Can I represent arbitrary binary data in WTF-8 (or any extension of UTF-8)? - utf-8

A long time ago, there was a two-byte Unicode encoding UCS-2, but then it was determined that two bytes are sometimes not enough. In order to cram more codepoints into 16 bit, surrogate pairs were introduced in UTF-16. Since Windows started out with UCS-2, it doesn't enforce rules around surrogate pairs in some places, most notably file systems.
Programs that want to use UTF-8 internally have a problem now dealing with these invalid UTF-16 sequences. For this, WTF-8 was developed. It is mostly relaxed UTF-8, but it is able to round-trip invalid surrogate pairs.
Now it seems like it should be possible to relax UTF-8 a bit further, and allow it to represent arbitrary binary data, round-tripping safe. The strings I am thinking about are originally 99.9% either valid UTF-8, or almost valid UTF-16 of the kind WTF-8 can stomach. But occasionally there will be invalid byte sequences thrown in.
WTF-8 defines generalized UTF-8 as:
an encoding of sequences of code points (not restricted to Unicode scalar values) using 8-bit bytes, based on the same underlying algorithm as UTF-8. It is a strict superset of UTF-8 (like UTF-8 is a strict superset of ASCII).
Would generalized UTF-8 allow me to store arbitrary 32 bit sequences, and thus arbitrary data? Or is there another way, such as a unicode escape character? Things I don't want to do are base64 encoding or percent-encoding, since I want to leave valid unicode strings unchanged.
Standard disclaimer: I encountered this problem a couple times before, but right now it is an academic question, and I'm just interested in a straight answer how to do this. There is no XY problem :-)

Related

What are surrogate characters in UTF-8?

I have a strange validation program that validates wheather a utf-8 string is a valid host name(Zend Framework Hostname valdiator in PHP). It allows IDNs(internationalized domain names). It will compare each subdomain with sets of characters defined by their HEX bytes representation. Two such sets are D800-DB7F and DC00-DFFF. Php regexp comparing function called preg_match fails during these comparsions and it says that DC00-DFFF characters are not allowed in this function. From wikipedia I learned these bytes are called surrogate characters in UTF-8. What are thay and which characters they actually correspond to?
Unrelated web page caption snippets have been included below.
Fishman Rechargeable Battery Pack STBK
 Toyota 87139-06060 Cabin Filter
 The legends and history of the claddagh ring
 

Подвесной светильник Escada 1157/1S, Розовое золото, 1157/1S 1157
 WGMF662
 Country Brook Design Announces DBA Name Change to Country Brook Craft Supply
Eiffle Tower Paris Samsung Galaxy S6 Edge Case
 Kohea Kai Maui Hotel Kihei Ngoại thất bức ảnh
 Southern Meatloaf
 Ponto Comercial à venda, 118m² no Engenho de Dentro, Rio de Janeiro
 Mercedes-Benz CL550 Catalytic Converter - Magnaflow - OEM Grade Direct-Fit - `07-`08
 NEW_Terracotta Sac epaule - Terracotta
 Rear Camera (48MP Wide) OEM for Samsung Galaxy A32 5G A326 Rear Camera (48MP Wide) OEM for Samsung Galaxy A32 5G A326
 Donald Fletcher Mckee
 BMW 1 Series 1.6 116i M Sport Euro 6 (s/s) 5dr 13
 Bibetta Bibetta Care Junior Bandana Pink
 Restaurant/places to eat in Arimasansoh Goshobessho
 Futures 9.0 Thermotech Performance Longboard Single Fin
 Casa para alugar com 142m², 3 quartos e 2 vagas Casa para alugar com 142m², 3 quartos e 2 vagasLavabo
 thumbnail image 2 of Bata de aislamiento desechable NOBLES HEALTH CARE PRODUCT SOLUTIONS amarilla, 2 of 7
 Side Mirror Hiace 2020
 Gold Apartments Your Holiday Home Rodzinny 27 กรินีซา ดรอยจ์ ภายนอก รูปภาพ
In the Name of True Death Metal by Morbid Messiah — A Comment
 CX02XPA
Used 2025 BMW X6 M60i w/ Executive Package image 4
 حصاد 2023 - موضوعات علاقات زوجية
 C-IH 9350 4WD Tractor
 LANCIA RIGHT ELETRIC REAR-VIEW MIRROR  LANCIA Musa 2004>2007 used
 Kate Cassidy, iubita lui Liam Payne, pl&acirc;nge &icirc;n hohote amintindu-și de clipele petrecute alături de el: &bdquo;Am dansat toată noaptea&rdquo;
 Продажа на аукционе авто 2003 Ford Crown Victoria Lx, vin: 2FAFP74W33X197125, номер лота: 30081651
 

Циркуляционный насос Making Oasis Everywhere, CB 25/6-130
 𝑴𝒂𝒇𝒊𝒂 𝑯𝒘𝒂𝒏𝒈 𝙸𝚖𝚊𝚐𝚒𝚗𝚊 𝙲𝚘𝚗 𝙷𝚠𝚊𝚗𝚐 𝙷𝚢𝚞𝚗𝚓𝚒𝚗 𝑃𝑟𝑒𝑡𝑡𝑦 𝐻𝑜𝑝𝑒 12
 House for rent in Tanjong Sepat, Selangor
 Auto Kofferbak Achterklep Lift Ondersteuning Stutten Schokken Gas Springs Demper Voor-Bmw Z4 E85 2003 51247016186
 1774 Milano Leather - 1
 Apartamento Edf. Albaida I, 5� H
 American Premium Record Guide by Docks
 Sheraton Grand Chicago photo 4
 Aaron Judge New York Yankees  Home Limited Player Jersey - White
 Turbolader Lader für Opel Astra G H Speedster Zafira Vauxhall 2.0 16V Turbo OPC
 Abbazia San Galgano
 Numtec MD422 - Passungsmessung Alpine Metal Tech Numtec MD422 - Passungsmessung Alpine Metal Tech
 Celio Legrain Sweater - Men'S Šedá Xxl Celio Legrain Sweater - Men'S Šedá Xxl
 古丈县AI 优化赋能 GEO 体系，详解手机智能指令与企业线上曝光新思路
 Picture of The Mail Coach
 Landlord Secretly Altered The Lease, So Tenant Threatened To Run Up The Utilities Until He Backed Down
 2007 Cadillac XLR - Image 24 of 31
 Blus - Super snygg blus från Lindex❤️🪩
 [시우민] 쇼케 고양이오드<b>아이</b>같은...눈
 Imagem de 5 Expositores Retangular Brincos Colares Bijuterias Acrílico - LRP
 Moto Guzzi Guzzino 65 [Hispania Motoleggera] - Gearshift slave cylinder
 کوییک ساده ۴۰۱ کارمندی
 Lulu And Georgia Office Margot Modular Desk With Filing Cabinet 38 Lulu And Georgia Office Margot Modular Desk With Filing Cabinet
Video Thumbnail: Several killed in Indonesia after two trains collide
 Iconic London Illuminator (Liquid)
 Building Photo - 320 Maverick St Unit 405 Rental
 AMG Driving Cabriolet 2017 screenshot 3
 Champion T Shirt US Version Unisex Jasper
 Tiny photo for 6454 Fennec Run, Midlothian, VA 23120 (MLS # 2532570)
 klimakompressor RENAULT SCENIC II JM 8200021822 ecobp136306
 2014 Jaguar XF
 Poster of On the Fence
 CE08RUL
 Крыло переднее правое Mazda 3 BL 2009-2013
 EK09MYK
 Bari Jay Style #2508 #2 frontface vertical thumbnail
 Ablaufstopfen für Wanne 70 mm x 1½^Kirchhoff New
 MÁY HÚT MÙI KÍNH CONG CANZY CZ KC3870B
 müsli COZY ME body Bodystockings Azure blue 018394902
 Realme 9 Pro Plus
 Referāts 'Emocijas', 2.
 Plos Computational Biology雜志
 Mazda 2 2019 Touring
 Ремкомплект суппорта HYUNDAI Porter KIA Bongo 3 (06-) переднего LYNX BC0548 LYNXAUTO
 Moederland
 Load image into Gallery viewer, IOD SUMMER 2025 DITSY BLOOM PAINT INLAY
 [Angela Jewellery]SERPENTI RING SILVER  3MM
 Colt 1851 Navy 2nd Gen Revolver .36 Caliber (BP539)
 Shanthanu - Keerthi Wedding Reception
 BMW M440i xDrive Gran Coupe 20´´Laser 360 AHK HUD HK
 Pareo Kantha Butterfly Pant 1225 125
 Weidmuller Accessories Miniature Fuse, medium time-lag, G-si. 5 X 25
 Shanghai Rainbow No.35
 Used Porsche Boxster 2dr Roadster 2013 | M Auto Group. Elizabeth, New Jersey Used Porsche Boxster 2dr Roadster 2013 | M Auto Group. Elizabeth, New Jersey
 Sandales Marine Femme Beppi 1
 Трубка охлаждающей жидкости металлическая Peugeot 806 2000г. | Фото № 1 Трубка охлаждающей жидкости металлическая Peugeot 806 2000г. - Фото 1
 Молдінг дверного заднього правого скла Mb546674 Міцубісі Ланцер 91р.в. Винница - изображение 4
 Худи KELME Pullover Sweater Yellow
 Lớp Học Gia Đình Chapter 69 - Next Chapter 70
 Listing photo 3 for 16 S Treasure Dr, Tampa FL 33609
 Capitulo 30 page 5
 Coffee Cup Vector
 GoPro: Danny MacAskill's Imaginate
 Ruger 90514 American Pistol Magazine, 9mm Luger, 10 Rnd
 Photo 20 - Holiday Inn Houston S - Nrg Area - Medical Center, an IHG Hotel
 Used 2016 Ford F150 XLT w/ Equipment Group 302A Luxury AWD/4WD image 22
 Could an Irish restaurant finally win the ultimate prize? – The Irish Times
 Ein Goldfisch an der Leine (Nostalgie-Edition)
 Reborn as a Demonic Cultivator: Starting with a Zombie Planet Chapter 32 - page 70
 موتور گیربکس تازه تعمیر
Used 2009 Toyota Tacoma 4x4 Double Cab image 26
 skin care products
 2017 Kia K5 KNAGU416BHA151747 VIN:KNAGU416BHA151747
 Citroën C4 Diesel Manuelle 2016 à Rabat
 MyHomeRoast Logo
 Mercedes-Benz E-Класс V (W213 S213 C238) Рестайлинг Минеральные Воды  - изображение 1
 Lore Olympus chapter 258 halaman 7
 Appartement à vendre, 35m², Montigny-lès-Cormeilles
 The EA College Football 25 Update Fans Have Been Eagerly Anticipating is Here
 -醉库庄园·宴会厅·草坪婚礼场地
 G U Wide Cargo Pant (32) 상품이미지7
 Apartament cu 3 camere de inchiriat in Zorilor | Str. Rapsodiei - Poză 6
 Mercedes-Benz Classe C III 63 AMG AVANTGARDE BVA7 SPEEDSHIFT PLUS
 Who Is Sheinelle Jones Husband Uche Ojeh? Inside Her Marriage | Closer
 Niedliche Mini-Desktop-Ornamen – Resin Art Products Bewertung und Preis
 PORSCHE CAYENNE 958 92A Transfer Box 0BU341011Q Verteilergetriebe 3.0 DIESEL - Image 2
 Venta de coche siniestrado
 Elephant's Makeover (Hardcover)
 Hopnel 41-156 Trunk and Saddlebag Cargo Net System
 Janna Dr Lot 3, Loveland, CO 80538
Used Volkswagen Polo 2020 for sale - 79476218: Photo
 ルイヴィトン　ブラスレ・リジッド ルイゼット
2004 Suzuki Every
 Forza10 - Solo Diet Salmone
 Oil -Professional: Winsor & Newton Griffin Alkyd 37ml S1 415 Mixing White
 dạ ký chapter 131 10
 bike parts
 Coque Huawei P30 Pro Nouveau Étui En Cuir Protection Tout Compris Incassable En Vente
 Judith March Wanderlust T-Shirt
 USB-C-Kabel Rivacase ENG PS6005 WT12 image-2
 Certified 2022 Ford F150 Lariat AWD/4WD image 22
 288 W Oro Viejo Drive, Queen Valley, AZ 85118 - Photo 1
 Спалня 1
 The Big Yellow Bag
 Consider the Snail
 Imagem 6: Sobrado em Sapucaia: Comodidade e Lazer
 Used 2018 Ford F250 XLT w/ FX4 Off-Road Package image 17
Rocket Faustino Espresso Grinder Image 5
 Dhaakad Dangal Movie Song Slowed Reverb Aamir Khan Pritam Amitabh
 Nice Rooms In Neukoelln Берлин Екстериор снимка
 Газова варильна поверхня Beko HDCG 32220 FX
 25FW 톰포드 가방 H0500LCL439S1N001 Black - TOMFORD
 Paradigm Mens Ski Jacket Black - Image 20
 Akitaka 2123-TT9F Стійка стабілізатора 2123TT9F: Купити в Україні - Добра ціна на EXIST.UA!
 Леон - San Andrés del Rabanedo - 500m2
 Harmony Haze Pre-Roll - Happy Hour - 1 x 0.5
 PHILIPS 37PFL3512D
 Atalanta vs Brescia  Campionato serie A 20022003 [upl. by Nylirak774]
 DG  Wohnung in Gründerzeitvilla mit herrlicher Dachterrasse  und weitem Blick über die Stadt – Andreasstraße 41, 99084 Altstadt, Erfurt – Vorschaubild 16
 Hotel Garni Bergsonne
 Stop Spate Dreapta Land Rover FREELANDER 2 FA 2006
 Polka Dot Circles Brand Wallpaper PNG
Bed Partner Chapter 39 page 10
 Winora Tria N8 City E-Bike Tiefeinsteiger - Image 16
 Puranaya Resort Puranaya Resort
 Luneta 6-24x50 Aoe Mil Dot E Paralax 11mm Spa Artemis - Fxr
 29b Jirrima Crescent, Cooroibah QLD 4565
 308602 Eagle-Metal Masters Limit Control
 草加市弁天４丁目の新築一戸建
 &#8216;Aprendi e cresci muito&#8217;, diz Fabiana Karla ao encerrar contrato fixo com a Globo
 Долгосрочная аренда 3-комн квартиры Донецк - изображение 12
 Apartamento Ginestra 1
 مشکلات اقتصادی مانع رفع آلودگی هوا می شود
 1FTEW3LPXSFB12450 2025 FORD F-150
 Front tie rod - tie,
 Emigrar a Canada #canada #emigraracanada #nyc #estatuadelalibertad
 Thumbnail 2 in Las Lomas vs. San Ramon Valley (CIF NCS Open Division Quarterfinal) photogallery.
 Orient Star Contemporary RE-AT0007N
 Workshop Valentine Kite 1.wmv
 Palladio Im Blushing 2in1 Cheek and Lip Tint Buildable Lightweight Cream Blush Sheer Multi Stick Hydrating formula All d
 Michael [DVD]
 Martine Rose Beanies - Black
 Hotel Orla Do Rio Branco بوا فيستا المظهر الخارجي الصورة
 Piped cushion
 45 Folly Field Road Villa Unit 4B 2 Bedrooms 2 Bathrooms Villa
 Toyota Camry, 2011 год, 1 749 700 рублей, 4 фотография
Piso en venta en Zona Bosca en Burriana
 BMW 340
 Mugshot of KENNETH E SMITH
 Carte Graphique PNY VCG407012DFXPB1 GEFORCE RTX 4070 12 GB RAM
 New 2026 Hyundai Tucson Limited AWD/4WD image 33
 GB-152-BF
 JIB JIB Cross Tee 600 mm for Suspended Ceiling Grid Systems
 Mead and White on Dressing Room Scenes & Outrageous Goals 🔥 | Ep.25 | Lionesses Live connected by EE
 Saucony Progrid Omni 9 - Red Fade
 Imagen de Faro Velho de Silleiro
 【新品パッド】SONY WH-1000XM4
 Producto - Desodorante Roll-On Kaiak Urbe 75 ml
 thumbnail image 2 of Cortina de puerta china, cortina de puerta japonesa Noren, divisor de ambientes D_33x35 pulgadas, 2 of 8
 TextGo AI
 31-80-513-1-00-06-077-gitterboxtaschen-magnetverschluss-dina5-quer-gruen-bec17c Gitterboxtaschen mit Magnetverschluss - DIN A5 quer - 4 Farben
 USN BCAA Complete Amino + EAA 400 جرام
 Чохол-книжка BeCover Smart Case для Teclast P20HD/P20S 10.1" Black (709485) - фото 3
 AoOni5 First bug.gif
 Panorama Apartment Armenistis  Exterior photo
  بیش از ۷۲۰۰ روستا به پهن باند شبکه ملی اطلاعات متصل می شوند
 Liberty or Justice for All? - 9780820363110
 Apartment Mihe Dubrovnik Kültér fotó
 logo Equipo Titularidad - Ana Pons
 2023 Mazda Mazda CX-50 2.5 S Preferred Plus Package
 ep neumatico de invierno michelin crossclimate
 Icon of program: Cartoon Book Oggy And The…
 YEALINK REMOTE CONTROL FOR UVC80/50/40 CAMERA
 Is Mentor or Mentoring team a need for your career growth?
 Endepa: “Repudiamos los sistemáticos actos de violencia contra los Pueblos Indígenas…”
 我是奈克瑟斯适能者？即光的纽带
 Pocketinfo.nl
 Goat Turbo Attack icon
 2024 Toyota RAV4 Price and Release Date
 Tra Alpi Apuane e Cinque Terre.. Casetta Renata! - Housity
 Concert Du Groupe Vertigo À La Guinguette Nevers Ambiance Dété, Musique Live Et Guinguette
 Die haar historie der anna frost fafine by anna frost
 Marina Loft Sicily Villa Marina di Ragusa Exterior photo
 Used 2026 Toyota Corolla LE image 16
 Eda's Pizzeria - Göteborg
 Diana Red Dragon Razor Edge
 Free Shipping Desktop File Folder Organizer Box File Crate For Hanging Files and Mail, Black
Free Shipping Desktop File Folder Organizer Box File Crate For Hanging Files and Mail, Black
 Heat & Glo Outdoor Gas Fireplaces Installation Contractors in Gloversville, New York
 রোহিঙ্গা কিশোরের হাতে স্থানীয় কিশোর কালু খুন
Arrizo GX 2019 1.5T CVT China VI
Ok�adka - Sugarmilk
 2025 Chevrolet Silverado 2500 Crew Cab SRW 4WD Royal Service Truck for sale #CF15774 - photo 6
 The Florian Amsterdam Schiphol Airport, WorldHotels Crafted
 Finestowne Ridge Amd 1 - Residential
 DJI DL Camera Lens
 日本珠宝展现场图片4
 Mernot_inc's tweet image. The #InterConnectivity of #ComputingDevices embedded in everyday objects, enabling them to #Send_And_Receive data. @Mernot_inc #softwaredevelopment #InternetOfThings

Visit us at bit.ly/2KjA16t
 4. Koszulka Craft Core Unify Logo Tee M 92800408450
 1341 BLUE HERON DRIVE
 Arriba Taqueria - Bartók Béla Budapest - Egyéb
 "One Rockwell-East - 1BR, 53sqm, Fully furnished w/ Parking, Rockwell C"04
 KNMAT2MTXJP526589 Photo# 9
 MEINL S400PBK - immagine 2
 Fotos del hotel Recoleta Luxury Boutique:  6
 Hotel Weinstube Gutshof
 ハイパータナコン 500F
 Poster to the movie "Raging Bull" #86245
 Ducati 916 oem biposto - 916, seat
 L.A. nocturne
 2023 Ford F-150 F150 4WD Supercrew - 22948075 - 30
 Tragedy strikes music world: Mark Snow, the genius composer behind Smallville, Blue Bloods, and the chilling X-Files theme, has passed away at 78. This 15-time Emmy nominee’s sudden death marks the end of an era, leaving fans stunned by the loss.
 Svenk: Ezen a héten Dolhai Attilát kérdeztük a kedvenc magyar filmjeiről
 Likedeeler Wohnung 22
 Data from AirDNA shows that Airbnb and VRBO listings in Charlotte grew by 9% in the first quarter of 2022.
I read in several places I still don't understand what they are.
What are surrogate characters in UTF-8?
This is almost like a trick question.
Approximate answer #1: 4 bytes (if paired and encoded in UTF-8).
Approximate answer #2: Invalid (if not paired).
Approximate answer #3: It's not UTF-8; It's Modified UTF-8.
Synopsis: The term doesn't apply to UTF-8.
Unicode codepoints have a range that needs 21 bits of data.
UTF-16 code units are 16 bits. UTF-16 encodes some ranges of Unicode codepoints as one code unit and others as pairs of two code units, the first from a "high" range, the second from a "low" range. Unicode reserves the codepoints that match the ranges of the high and low pairs as invalid. They are sometimes called surrogates but they are not characters. They don't mean anything by themselves.
UTF-8 code units are 8 bits. UTF-8 encodes several distinct ranges of codepoints in one to four code units, respectively.
#1 It happens that the codepoints that UTF-16 encodes with two 16-bit code units, UTF-8 encodes with 4 8-bit code units, and vice versa.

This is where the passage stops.